I am excited by a one-on-one "workshopping" from a friend who suggests this edit. I think it is an improved, tightened version, and I appreciate it!

After a winter's alphabet of storms,
from Atlas almost to Zephyr —
            conquering kings, hunters,
            warriors, destroyers —

prostrate stalks and grasses
like sickled wheat
layer the meadow,
stepped on by gods

except where thin stems stand
lace collars whole,
rising like
purveyors of xenia,
the ancient obligatory gift
of hospitality and protection
to strangers, however
violently they might come.

You can read the list of names given to the storms of 2013-14, including Xenia, the most recent (I think).

Friday, March 28, 2014

"How shall I hold my soul that it may not be touching yours?"

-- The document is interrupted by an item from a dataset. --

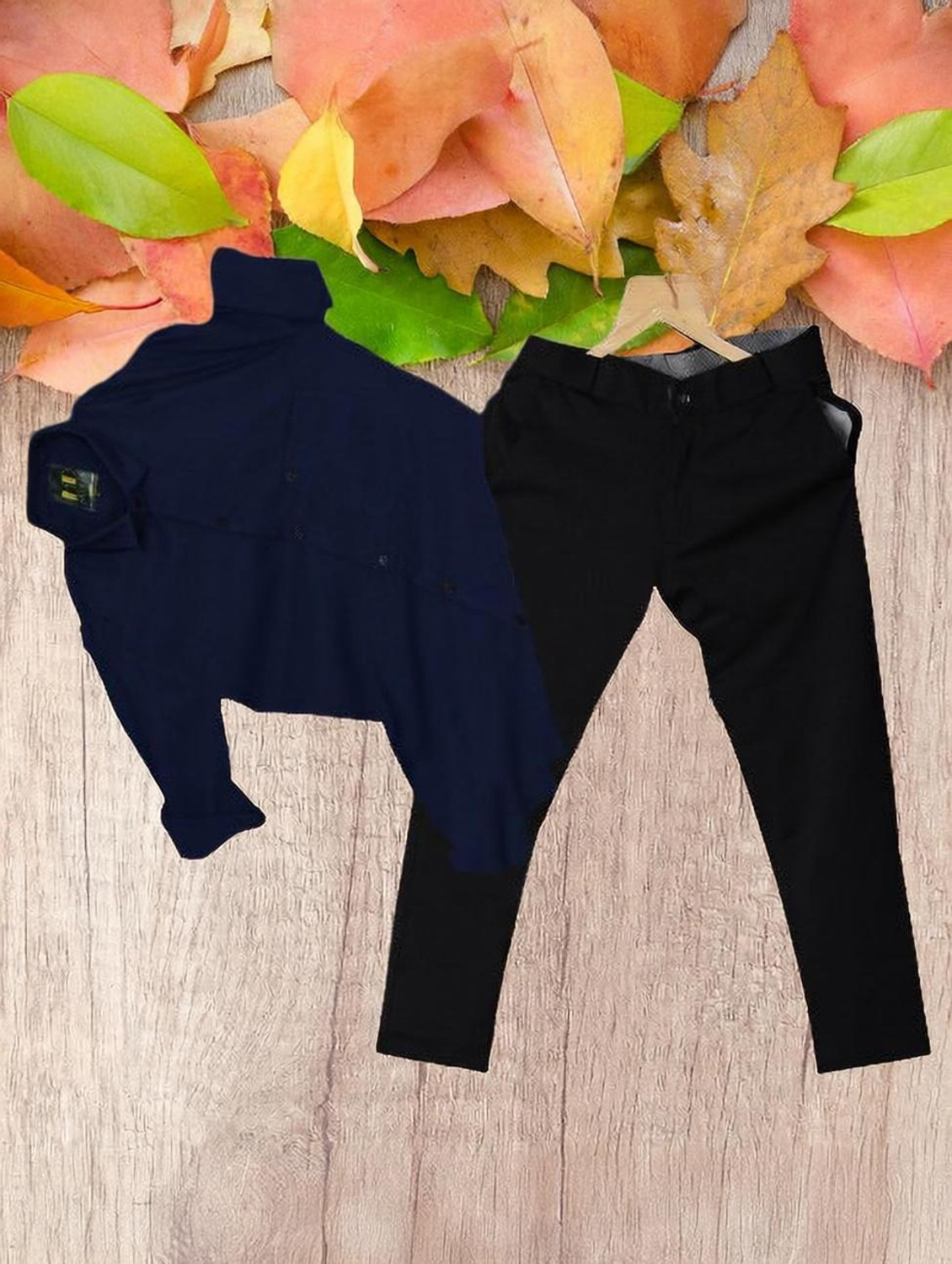 Image of Jumii Enterprise Men Solid Casual Dark Blue Shirt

I poke through an assortment of stuffed animals left after our grown children moved out. Among various bears, here is our son’s rhinoceros, two circles on its face like vertical eyes where velvet horns are now tattered nubs of cotton stuffing. Such abnormalities are birthmarks, in a way, marks of the emergence into adulthood after the long human development of a child. How necessary it was, all that wear and tear, the regular nightly embraces that softened and thinned the horns of a toy rhinoceros whose counterparts in Africa lie wasted from human greed.

There are stories of terror. And there are others of human magnificence. Our small granddaughter, three days old, lies sedated in an incubator, her face, chest, arms and legs relaxed open in surrender. She has been saved by magnificent humans, her own strength, the warm touch of her parents and grandparents, and the grace of God.

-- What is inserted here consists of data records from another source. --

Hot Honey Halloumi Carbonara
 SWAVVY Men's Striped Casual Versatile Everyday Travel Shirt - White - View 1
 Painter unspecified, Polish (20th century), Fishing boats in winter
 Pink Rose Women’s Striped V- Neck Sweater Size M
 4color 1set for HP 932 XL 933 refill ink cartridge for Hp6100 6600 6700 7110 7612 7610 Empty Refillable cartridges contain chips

I wrap up "Rhiney" for my now 31-year-old son to hold while he cannot hold his first child. I wonder at this inanimate thing, the color of stone, able to vibrate with life and healing though it cannot heal itself, or feel me holding it. We shoot meaning into what we touch and attend to. What essence are we connecting with in these things, which are also somehow vibration, linking with our own pulsing souls?

And how much more then, between living beings?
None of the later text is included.